GLOBAL – Imagine a world without wires. If you find it hard, just ask kids today. I often think about the time where I’ll be explaining to my kids (ages 7 and 5, now) that at one time, we had to plug our computers into the phoneline to access the internet, and even, at one point in my lifetime, we didn’t have an internet. Hard to believe that it’s only been around for less than half of my life. Worse still, that we used to have to sit in one place to make a phone call, typically, in our house. I saw that change when my Dad got a carphone in 1987 and thought that Hollywood had arrived in County Cork (weren’t carphones the things we saw in sci-fi movies?). Connectivity sure has come a long way.
The topic of this week’s Design by Community project is one of the more geeky ones we’re covering. Let’s be fair, do regular folk really care what standard their WiFi complies with? They just want it to comply, right? I know I do. And I want it to be smarter. Not just to be compatible, but to connect automatically, without me intervening. To switch WiFi off when I don’t need it – my device should be doing all this without my intervention. And we should have open standards for everything, so everything just works. Without effort.

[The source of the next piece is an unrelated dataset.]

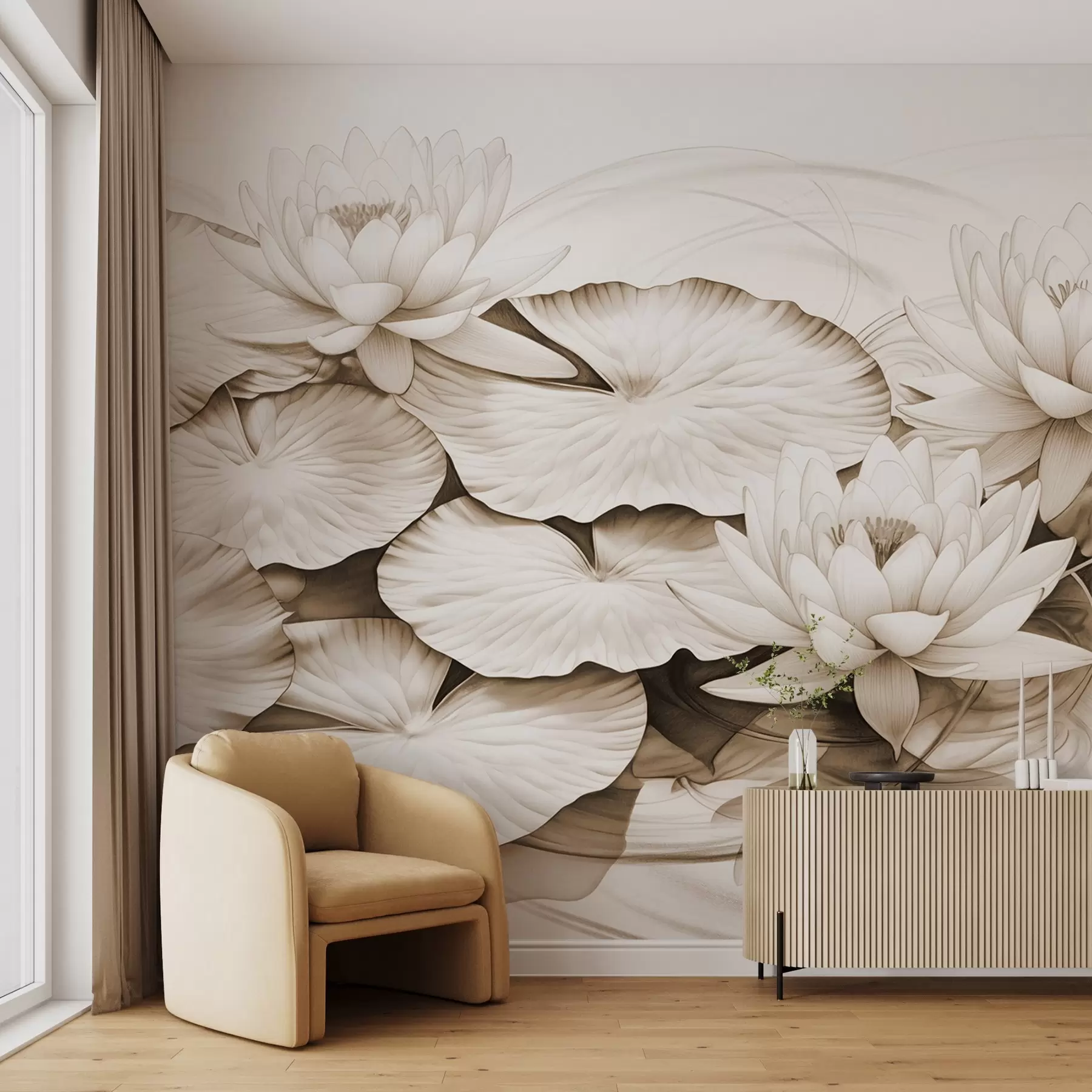 murales de pared Nenúfares y nenúfares en un estanque, marrón y blanco imitación de dibujo a lápiz, ilustración botánica detallada, arte de la naturaleza w09006v2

If that were the case, and we lived in a world where there was reasonable reliance, and always available access (whether at home, in the office, or out and about) to the cloud, would we then no longer need to worry about things like USB? After all, if our content is floating seamlessly between the cloud and our device, then surely our other devices (namely TV, desktop and laptop) should be in the same boat (answer to that is most likely yes, if they’re all running MeeGo!). Why do I need to plug my phone in to move content around then?
Earlier this week we saw Mikko Uusitalo, a principle researcher at Nokia Research Centre told us about what his dream device would contain. He wants it to not be there, but to just help him. Going beyond what our devices do right now (make calls, take pictures, help us find our way) his dream device throws connectivity right out of the realm of WiFi standards into a world of much greater sophistication. His dream device would connect with his house or office, to let him in. It’d be his passport, his wallet and act as the token to enable a raft of different aspects of his life happen.
It’s like connectivity on steroids.
If we think we’ve already come a long way when it comes to getting and staying connected, Mikko’s ideas tell us that we’re only scratching the surface. Right now we’re connecting things wirelessly which previously used a piece of cable. In the future we’re talking about connecting things which right now aren’t even connected. Am I the only one who finds that insanely exciting?